## DATA SHOWN
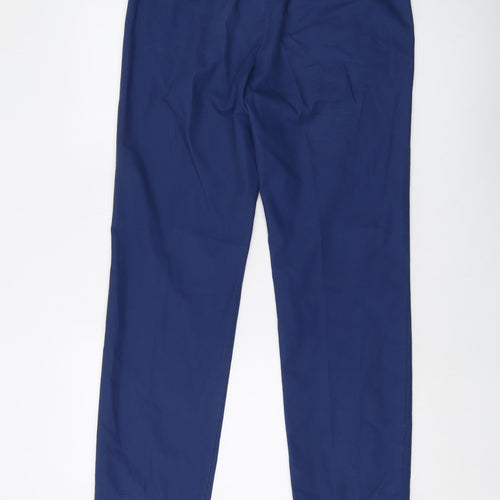 Howick Mens Blue Cotton Chino Trousers Size 32 in L30 in Regular Button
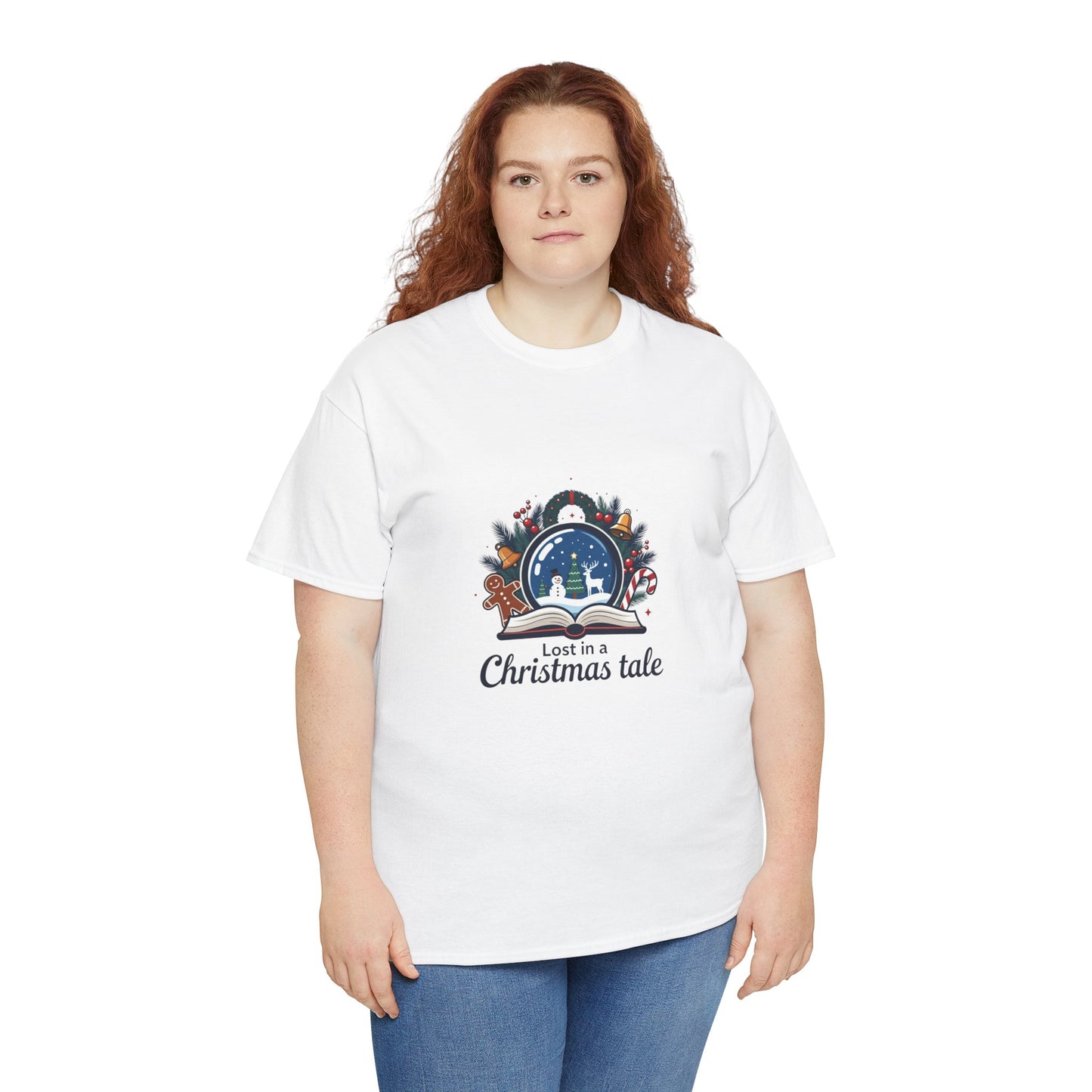 Christmas Tee — "Lost in a Christmas Tale" Snow Globe Graphic Shirt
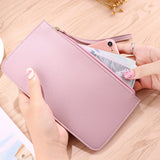 Darrahopens Fashion > Women's Fashion > Women's Accessories Black Women's Soft PU Leather Double-Layer Zip Wallet with Wrist Strap – Spacious Card, Cash and Phone Holder for Students and Everyday Use in Australia
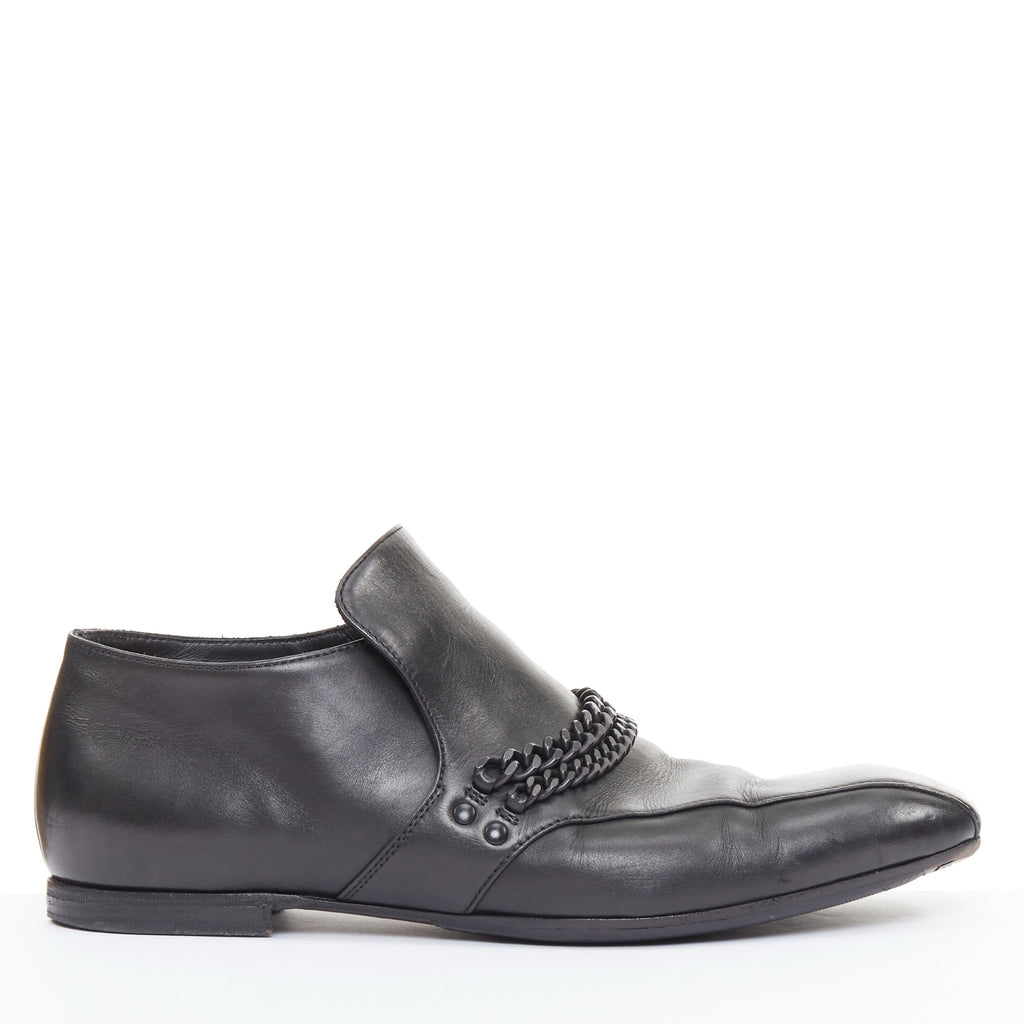 Men's Bottega Veneta black leather dual tonal chain loafers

## WHAT YOU ARE ASKED TO DO
Your answer should hold only the lines from the one with "Darrahopens Fashion >" through the final line of the listing above, transcribed exactly and without pictures.

## SOLUTION TO THIS TASK
 Darrahopens Fashion > Women's Fashion > Women's Accessories Black Women's Soft PU Leather Double-Layer Zip Wallet with Wrist Strap – Spacious Card, Cash and Phone Holder for Students and Everyday Use in Australia
 Men's Bottega Veneta black leather dual tonal chain loafers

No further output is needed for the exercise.